Below is a listing to write out in full, exactly as given, without its pictures.

■ SUPPLIED MATERIAL:
§ §

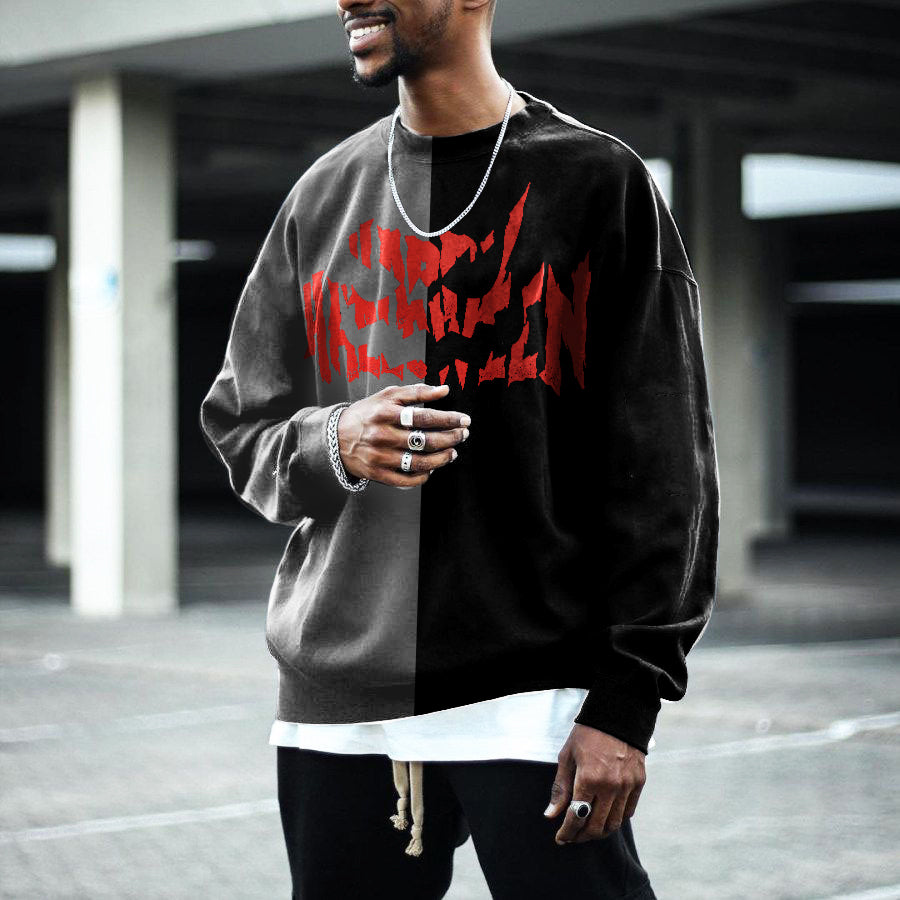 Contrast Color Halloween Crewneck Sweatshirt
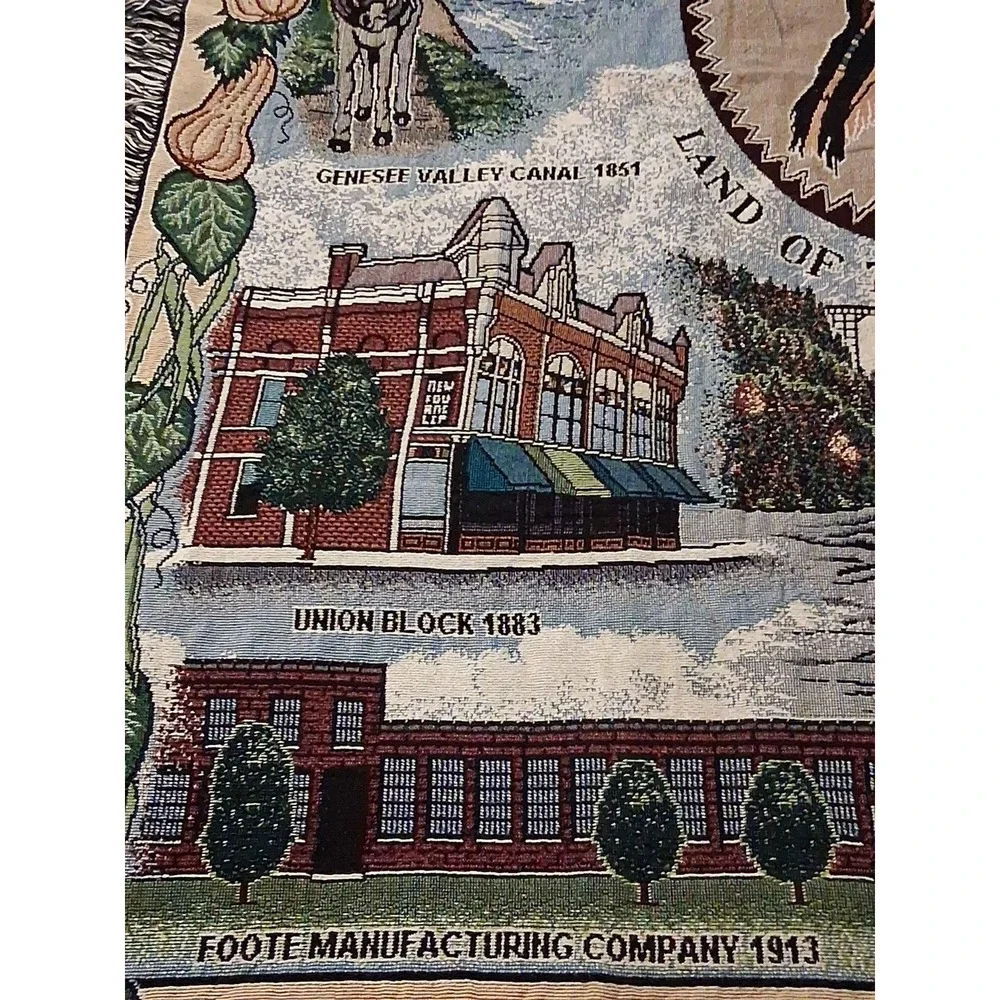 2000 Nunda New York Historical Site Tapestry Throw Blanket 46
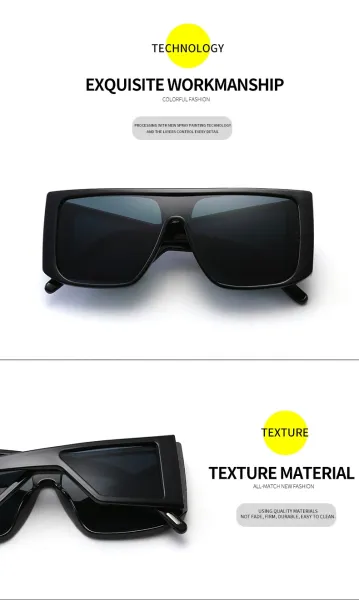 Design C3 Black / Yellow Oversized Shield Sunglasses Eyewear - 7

§ §

■ WRITTEN ANSWER:
 Contrast Color Halloween Crewneck Sweatshirt
 2000 Nunda New York Historical Site Tapestry Throw Blanket 46
 Design C3 Black / Yellow Oversized Shield Sunglasses Eyewear - 7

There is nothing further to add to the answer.